The snowmelt from the north face of Big Four Mountain is channeled into several small rivulets that collect into a small stream and crash hundreds of feet over a wall into a pile of ice. The water has created a large, deep alcove in which the annual snowfall accumulates and creates an ice field that lasts year round. The falls descend immediately behind the ice accumulations, and flow beneath the ice, reemerging at the foot of the snowfield. In the summer, warm air is pushed downward with the water behind the ice, and starts to melt out the ice. In the late summer, several large Ice Caves form in front of the falls. The Big Four Ice Caves are one of the most popular attractions around. BEWARE - the caves are very unstable and several people have been injured, and recently 2 people were killed by collapsing Ice. DO NOT enter the caves. The falls become much less impressive in the summer months.
- Rucker Falls is the Proposed name of this waterfall.
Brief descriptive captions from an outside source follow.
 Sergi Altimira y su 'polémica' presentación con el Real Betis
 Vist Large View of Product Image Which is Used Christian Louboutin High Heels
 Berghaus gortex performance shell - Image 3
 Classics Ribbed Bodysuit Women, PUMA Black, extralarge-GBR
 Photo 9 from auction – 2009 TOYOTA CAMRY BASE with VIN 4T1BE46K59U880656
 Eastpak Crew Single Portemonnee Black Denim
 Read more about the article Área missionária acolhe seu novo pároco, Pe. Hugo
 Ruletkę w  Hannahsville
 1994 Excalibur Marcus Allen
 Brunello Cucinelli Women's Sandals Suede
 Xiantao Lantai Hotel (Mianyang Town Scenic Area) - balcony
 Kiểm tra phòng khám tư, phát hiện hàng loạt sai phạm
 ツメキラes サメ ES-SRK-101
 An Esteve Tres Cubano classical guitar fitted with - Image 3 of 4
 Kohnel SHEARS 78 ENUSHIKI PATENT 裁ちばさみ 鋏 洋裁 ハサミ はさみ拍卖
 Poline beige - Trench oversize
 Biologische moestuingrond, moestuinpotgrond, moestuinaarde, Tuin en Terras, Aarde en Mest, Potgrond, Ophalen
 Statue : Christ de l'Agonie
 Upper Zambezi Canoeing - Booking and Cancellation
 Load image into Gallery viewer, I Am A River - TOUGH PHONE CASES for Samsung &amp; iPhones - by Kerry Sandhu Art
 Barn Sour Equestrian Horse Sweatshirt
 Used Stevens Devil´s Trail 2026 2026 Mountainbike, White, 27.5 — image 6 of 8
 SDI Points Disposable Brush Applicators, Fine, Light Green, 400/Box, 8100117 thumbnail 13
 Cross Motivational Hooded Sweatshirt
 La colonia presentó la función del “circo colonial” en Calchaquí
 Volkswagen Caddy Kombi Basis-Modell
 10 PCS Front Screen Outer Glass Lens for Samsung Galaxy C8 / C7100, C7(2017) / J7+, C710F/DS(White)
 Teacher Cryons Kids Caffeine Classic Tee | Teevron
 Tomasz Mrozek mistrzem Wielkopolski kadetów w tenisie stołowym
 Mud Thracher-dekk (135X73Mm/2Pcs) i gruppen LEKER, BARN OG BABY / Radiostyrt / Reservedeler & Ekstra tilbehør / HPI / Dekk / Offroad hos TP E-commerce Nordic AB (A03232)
The Big Four Inn once stood in the fields at the picnic area near the trailhead, operated by the Rucker family. The icefield at the base of the falls was once known as the Rucker Glacier (since shown to not be a glacier however) thanks to the 1917 trail-building efforts of the proprietors of the nearby Inn. Since their name has since vanished from most reference of the area, I felt it fitting to grace one of the permanent features of the Big Four area with their name. I had previously called this waterfall Ice Cave Falls.
Drive east of Granite Falls for about 25 miles to the signed Big Four Picnic Area. The falls can distantly be seen hurtling down the mountainside from the interpretive site describing the old Hotel that once stood in the field in front of you. An easy mile-long trail leads to the Ice Caves and the base of the falls, however the bridge crossing the Stilliguamish River was washed out in 2006 and has not yet been replaced.